* PROBLEM TO SOLVE *
These records contain pictures, which must be left out; copy exactly the lines from the one with "Presentation with box" up to and including the one with "Lucky Brand Maxi".

* PROVIDED MATERIAL *
# # # # # # #
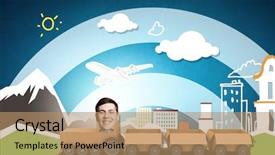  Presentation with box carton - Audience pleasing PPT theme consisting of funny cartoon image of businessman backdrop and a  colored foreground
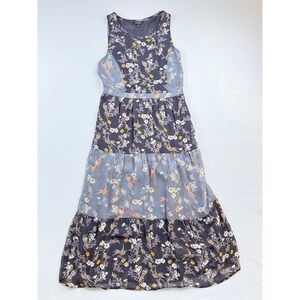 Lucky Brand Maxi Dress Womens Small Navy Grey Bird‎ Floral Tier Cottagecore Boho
# # # # # # #
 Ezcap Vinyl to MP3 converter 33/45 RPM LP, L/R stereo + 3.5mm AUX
# # # # # # #
* TASK ANSWER *
  Presentation with box carton - Audience pleasing PPT theme consisting of funny cartoon image of businessman backdrop and a  colored foreground
 Lucky Brand Maxi Dress Womens Small Navy Grey Bird‎ Floral Tier Cottagecore Boho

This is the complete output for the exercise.